La società rafforza però il fenomeno nell'adolescenza. Più che nelle altre fasi, l'adolescenza era il periodo della crescita sociale per eccellenza; attualmente, essa non è più, al massimo, che il periodo di potenzializzazione delle condizioni di una crescita sociale sospesa sine die, e in ogni caso rimandata. Così l'adolescente si trova dotato di un io chiamato precocemente a essere "pieno e totale", ma il cui uso utile viene sospeso dalla società. Da qui una contraddizione letale nella condizione dell'adolescente, lo sviluppo di patologie del dominio del reale e ciò che ho chiamato condotte di esaurimento nell'attesa, in particolare nell'ossessione per le feste.
La condizione dell'adolescente è un modo di vivere sotto una luce particolarmente acuta un nuovo dato della vita umana che ci interroga: la morte della mortalità. (... ) La morte ha smesso di essere la grande educatrice.
Attualmente l'uomo derivato dal sapiens vive senza la consapevolezza della morte quasi per metà della sua vita.
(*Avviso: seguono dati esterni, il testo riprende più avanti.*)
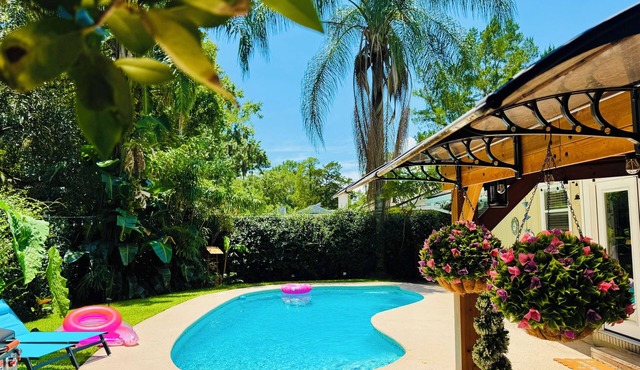 Private Oasis: Pool & Garden Paradise, Grill & Coffee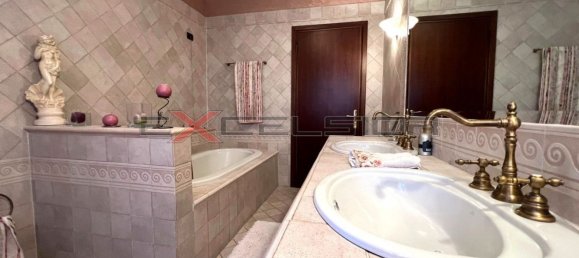 4 rooms Villa in Cavarzere, Italy No. 297019 14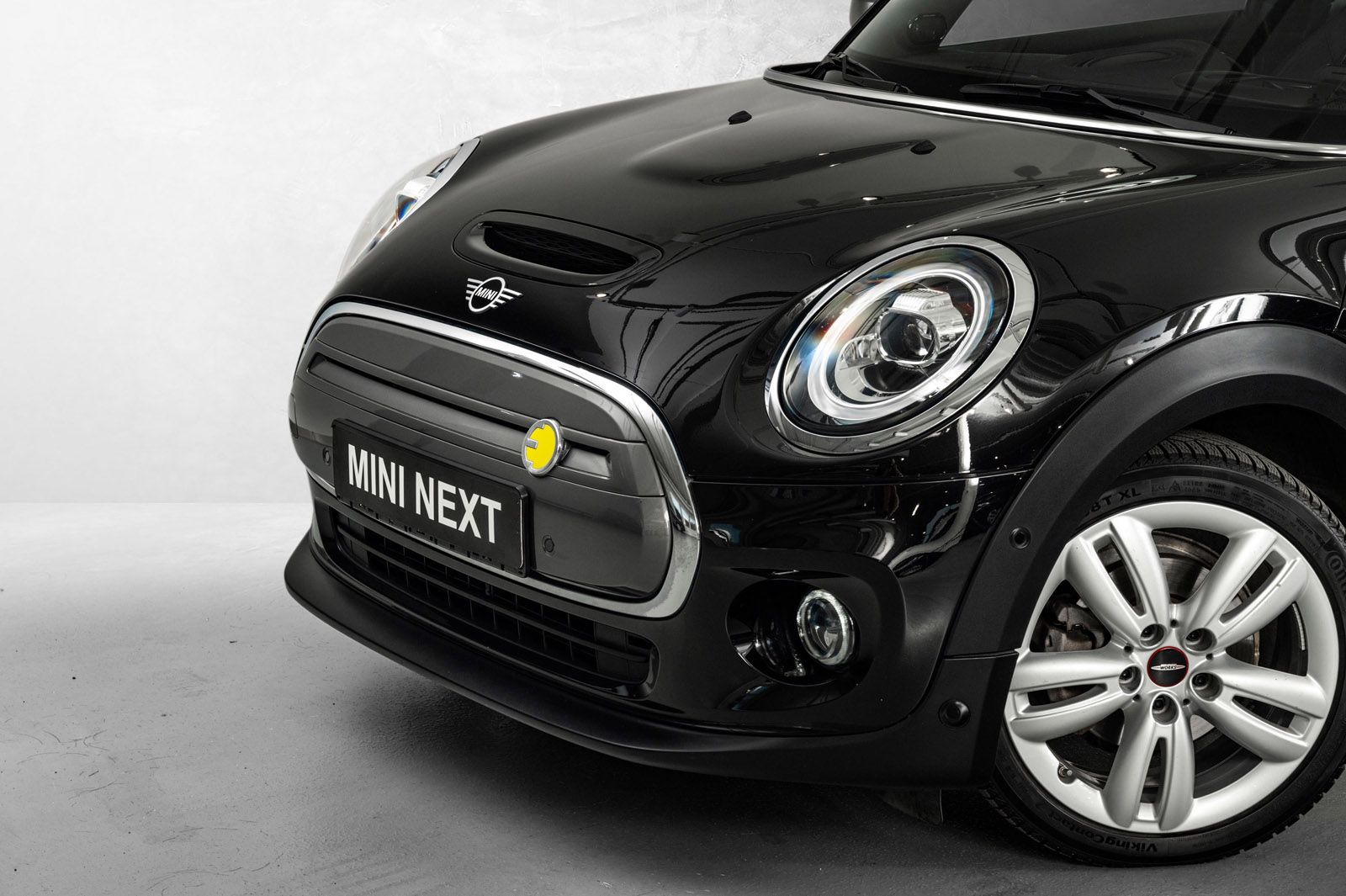 MINI Cooper SE, 184hp, 2020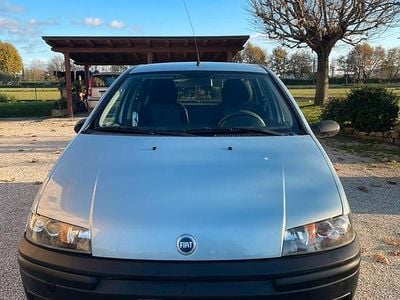 Usata Fiat Punto 80 CV (58 kW) 2005 Blu Berlina
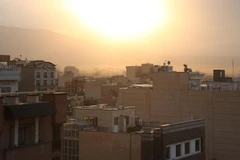 Fotografía tomada en Teherán, Irán, tras un ataque aéreo israelí en la mañana del 13 de junio de 2025. (Foto: Xinhua)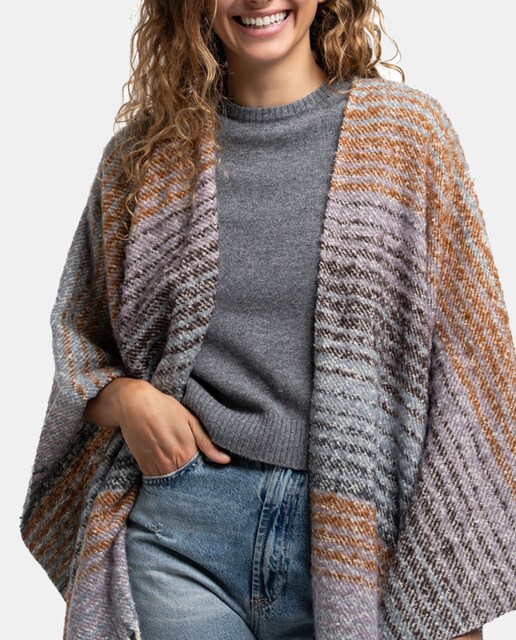 Imagen 0 de Poncho con estampado a rayas y flecos azul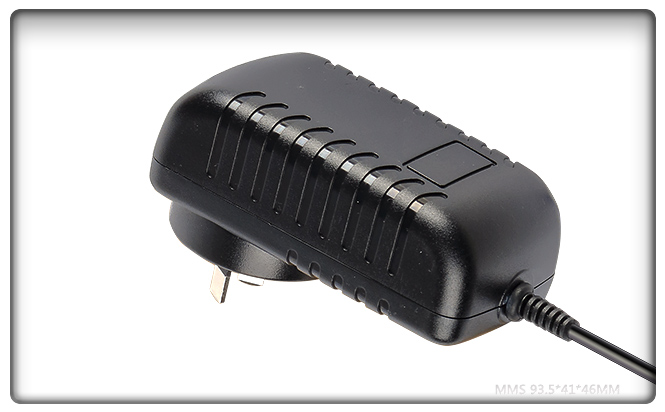 9V2000MA蓝颜gtv
适配器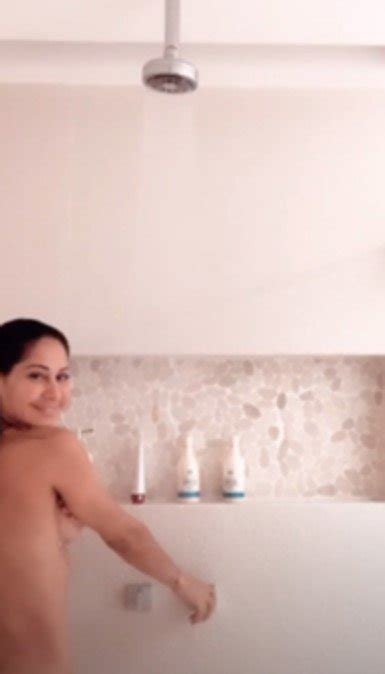 Pelada Mayra Cardi provoca fãs em momento íntimo no banho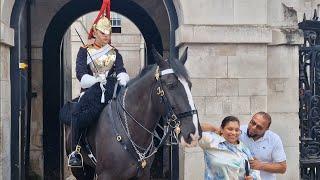 Heart warming moment ️ kings guard moves his horse  for blind girl to stroke #thekingsguard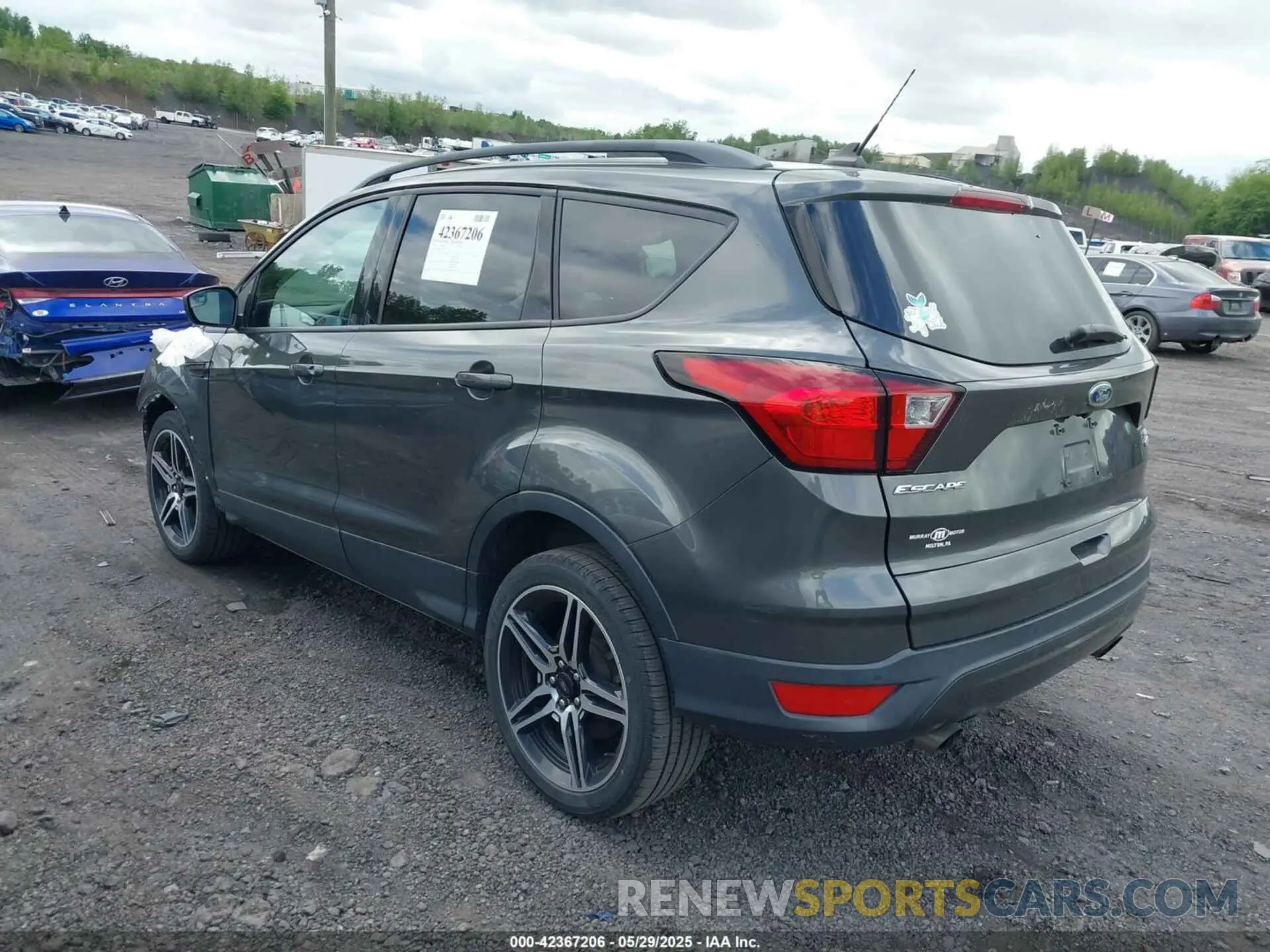 3 Photograph of a damaged car 1FMCU9HD2KUA73231 FORD ESCAPE 2019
Vive senza la consapevolezza della morte, della sua morte, un po' come gli animali, in una sorta di euforia e di spensieratezza. Ciò significa che, per una parte della sua esistenza, accantona la sua umanità, ciò che definisce l'umanità: la consapevolezza della morte. La questione posta all'individuo moderno è di sapere in quale misura il reale lui è oggi compreso, e di quali trasformazioni della sua rappresentazione questa nuova situazione antropologica è portatrice.